Ouais, c’est bien gentil tout ça, mais très, très éloigné de la réalité des rapports entre financements publics et marchés financiers (et donc dettes publiques) intimement liés au rapport entre financement de la rente privée et marchés financiers.
Quand vous dites « quelques rentiers » qui profitent de la dette publique des membres du G20, il ne s’agit pas de « quelques » banksters et « quelques » gros capitalistes, ce serait bien trop simple politiquement de les tordre, de les rincer et j’ose croire que cela aurait déjà été fait, quitte à voir quelques établissements financiers y laisser chemise, caleçon et bilan et, surtout et plus grave, quelques vieilles amitiès complices quelque peu écornées dans le poulailler de la courtisaille.
Mais, ces « quelques rentiers », c’est, par exemple, les clients privilègiés de tout le système de fonds de pension « à la française » – d’assurances- retraite par capitalisation privatisées en fait, soit les 1400 milliards d’€ placés par des millions de ménages français sur des fonds d’assurance-vie très majoritairement en € (plus de 20 Millons de contats en France, soit aux alentours d’une moyenne de 70 000 € par contrat…), et donc massivement investis sur des titres de dettes publiques, à long terme le plus souvent. Tout simplement parce que seuls ces produits offrent aux bancassurances françaises une durée, des taux et des notes d’agences à la hauteur des garanties de taux et de capital ainsi que la durée des produits financiers offerts à leurs millions de clients. Seules les obligations d’Etats leur offrent les contreparties nécessaires, couplées aux mecanismes plus sophistiqués offerts par les marchés financiers, tels les swaps de taux, pour se couvrir du risque de taux qui peut provoquer, en cas de variation rapide des taux d’intérêts, à la hausse comme à la baisse, des fuites massives des capitaux de leurs clients ou une baisse tout aussi massive de la collecte de nouveaux capitaux, pouvant entrainer la faillite comme pour tout vulgaire fonds de pension américain jouant sur des marchés à risque, actions où autre. Le système des assurances-vie « à la française » est la merveille de la finance hexagonale, une magnifique opération de détournement de fonds globale, mais c’est aussi un authentique et énorme « Ponzi scheme ».
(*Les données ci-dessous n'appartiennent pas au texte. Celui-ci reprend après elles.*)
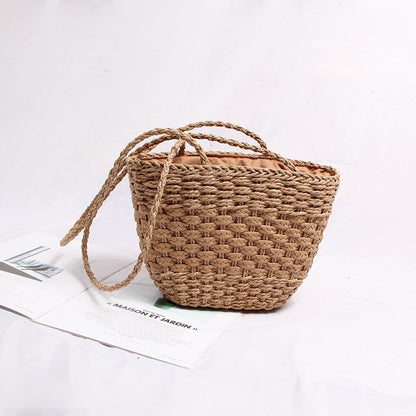 Handmade Straw Bag Best Bag Shoulder Woven Bag Women Bag Literary Handbag Small Bag Vacation Beach Bag - Wanita Store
Il faut bien se rendre compte que les privilèges énormes accordés aux clients contractant des assurances-vie en France, tant du point de vue fiscal, de la garantie de rentabilité et surtout de liberté passés, les huit années d’engagement réglementaires, constituent un pilier du système financier français et sont significatifs d’un choix politique faits par nos gouvernants successifs pour instaurer non seulement une source de financement « pérenne » , mais encore un moyen de redistribuer un peu des profits financiers au bon peuple ( de l’ordre de 45 Milliards € d’intérêts récoltés quand même, soit 2000 € en moyenne par contrat – 2 smic nets mensuels… – à 3,5% minimum garantis et quasiment nets d’impôts jusque là…). Les français ont très vite compris les avantages qu’ils pouvaient en tirer – on accumule pas 1400 milliards sur un type de produit financier en dix ou quinze ans sans raisons valables.. Les fils et petits-fils de paysans, ça sait compter….
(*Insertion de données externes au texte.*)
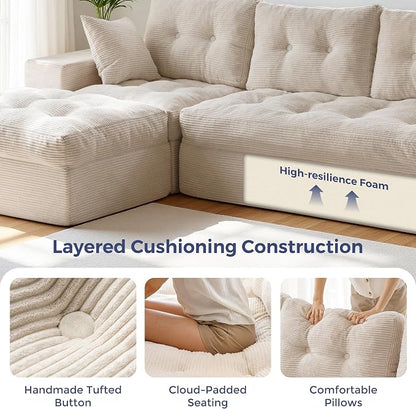 MAXYOYO 96" L Shaped Modular Sectional Sofa with Ottoman, Cloud Boneless Couch with Layered Cushion, Upholstered Sofa in a Box, Flexible Module Combination for Living Room, No Assembly, Beige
Mais sont-ils vraiment conscients du coût à payer par les contreparties, de l’autre côté du miroir financier, pour cette sécurité garantie, cette rentabilité garantie, cette liberté garantie (une option de « put » en fait offerte par « l’assureur », je peux me retirer et demander le paiement quand je veux, tout en pouvant augmenter inversement comme je veux mes dépôts sur le contrat à taux préalablement garanti… intenable le truc), cette quasi défiscalisation garantie ? Comme conscients des angoisses des gestionnaires de ces fonds énormes et donc les acrobaties financières incroyables qu’ils doivent exécuter pour couvrir les risques impensables que le système comme la concurrence les obligent à prendre, rien que pour se couvrir du risque de taux, sans parler des risques de défauts obligataires avec CDS à la clef et tutti quanti… On voit encore des pubs offrant du 4,5 %… Il en faut des junk bonds ou des dettes de pigs pour payer ça…
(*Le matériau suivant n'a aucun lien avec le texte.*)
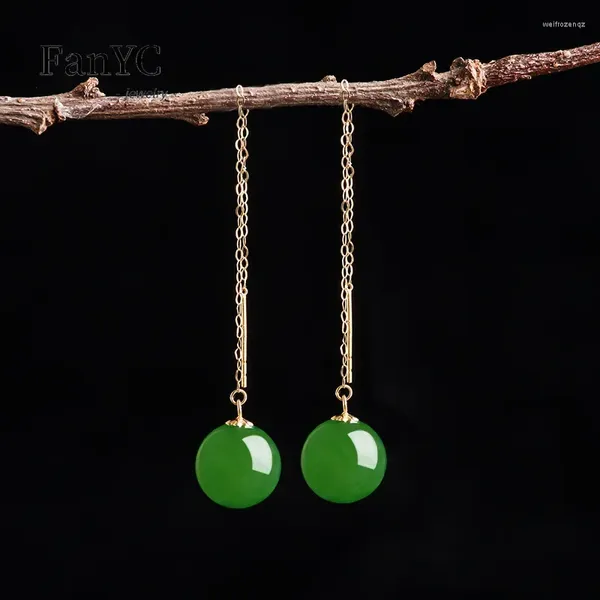 Boucles d'oreilles pendantes en jaspe de jade hétien naturel, ligne d'oreille en perles rondes, ensemble en or 18 carats avec vert épinard, bijoux de luxe à la mode pour femmes, cadeau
Alors un moratoire de 5 ans sur les dettes publiques qui tombe sur ce bel édifice, sur ce château de cartes biseautées, c’est pas compliqué, c’est Jumbo qui se crashe sur le service en porcelaine de Limoges de grand-maman, c’est de gros lézards verts dans les coupes de champagne des premiers communiants, c’est l’Apocalypse, Hiroshima, Nagasaki, Tchernobyl et Fukushima dans la même seconde, la mort du petit cheval quoi. La Démocratie, je vous en parle même pas. À la trappe en moins de deux.
1400 milliards qui disparaissent, c’est l’avenir, le passé et le présent de millions de braves français moyens qui cessent d’exister. C’est l’indicible, le cauchemar d’outre-tombe, l’enfer réinventé et à portée de main..
C’est, entre autres et pas seulement certes, mais pour une bonne part, ce qui est en jeu dans ce pays aujourd’hui. Comptez sur Pébereau, Bébéar et consorts pour le rappeler aux bons souvenirs de petites ou grandes personnes de très hauts lieux…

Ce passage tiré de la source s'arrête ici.